Guild Wars 2 review
[Continued] Page 2
Enter crafting, which is an entirely different beast altogether. Everything from cooking, to making armor, weapons, jewelry and accessories — you can take up two professions that you can level up 400 separate levels. The best part is that each new thing created (given it's not grayed out) will add experience to your level as well, allowing you to level up through crafting alone!
Crafting isn't predicated by recipes only; a lot of it has to do through discovering recipes yourself, through experimentation. Putting various items together will yield different results, and if the recipe is successful, it will also give you a huge boost to your crafting and character level. To say crafting is absolutely worth it is an understatement.
The map is huge and the environments are varied. Both big pluses
The PVE portion is heavily tied to exploration. As you quest through the various areas of Tyria, each map has a certain amount of Tasks, Waypoints (which allow you to quickly teleport long distances), Vistas, Points of Interest, and Skill Challenges. Finding and completing these is easily half the fun of Guild Wars 2. Vistas and Skill Challenges are especially fun, as they aren't always straight forward. Vistas almost always require some form of platforming to reach, as they're nested atop a high platform, and Skill Challenges task players with taking down powerful enemies. The feeling you get for getting 100% area completion is always extremely satisfying, not to mention you get some great items and a bunch of XP.

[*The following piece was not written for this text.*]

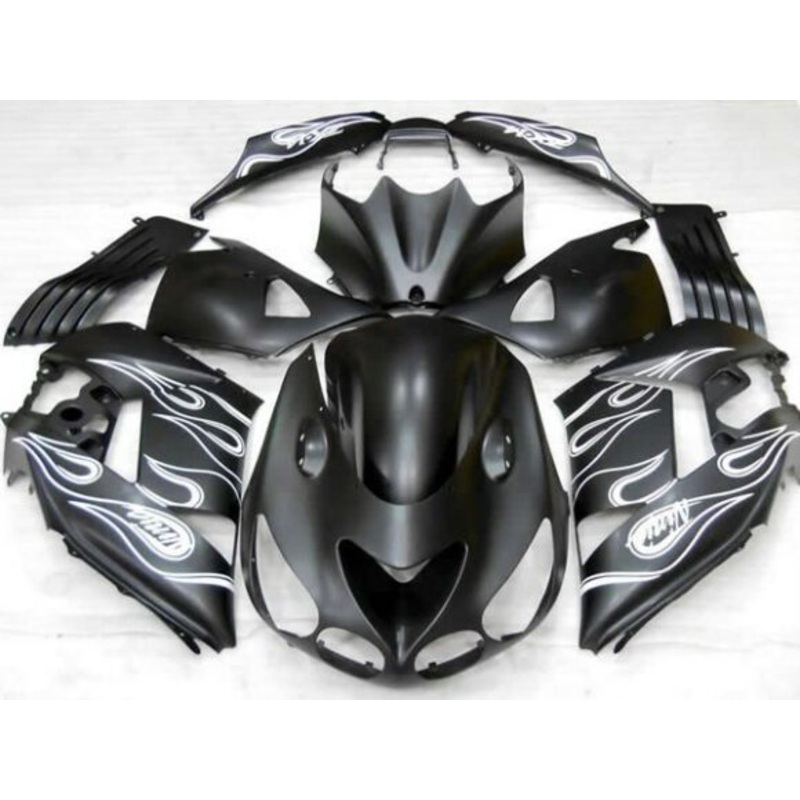 Fairing kit for a Kawasaki Ninja ZX14R (2006-2011) Matte Black & Matte White Flames Clear Windscreen: Free No Seat Cowl No Bolt Kit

The thing that ties together this constant "just one more thing to do" mentality is the Achievement system. There are achievements for everything you do in the game — kill 500 of these, craft a certain number of these, complete story quests, etc. Though the two that will have you obsessively coming back every day are the daily and monthly achievements, which always net you a good amount of XP and rewards. Achievements might not be new to the MMO genre, but ArenaNet sure did a great job with making them feel absolutely necessary.
Tequatl the Sunless is a level 65 world boss. Hint: You're going to need a lot of people to take him down
So you're thinking, what happens at level 80? I'm happy to say that besides allowing you to access higher level areas, levels are almost inconsequential. Let me clarify. Let's say you get to level 60, only exploring the lands tied to your race, and you want to venture to another race's starting area, your level will then be scaled to match that area's level. I know it sounds strange in theory, but in practice, it's completely genius. Not only does it allow you to experience the entirety of the game without one-shotting everything you come across, it also allows you to help lower level friends without making it extremely easy, in turn ruining their experience.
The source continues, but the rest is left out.